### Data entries

—————

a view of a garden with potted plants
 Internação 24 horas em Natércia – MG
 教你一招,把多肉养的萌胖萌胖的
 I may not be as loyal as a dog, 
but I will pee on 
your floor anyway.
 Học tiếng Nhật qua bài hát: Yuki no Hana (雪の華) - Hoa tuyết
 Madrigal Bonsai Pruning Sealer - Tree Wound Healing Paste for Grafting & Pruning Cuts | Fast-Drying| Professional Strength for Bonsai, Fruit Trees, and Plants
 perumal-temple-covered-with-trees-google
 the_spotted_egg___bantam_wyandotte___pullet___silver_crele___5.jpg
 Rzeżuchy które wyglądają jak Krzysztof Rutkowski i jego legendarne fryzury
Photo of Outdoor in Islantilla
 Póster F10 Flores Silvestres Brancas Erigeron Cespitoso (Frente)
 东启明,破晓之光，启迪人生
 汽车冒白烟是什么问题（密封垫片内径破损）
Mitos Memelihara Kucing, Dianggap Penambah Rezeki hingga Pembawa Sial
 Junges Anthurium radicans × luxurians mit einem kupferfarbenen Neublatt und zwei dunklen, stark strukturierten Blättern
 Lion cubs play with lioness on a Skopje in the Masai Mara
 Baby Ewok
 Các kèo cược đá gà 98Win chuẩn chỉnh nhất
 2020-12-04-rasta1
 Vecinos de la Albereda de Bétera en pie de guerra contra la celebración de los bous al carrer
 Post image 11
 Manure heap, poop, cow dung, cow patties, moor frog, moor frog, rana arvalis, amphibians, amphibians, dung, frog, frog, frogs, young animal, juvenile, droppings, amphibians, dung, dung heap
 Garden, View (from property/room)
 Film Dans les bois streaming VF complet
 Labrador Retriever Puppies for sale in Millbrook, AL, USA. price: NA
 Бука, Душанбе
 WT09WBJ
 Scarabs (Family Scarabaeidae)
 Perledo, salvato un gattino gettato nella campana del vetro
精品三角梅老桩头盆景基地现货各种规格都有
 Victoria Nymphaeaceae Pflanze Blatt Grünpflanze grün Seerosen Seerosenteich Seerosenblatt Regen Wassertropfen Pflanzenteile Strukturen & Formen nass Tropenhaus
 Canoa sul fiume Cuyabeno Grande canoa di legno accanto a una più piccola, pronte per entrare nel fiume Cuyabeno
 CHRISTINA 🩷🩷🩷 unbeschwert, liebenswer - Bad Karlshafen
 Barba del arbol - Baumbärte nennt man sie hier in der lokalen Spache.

—————

### Exercise
All lines in the records that contain "with" are to be copied and returned.

### Finished exercise
a view of a garden with potted plants
 perumal-temple-covered-with-trees-google
 Lion cubs play with lioness on a Skopje in the Masai Mara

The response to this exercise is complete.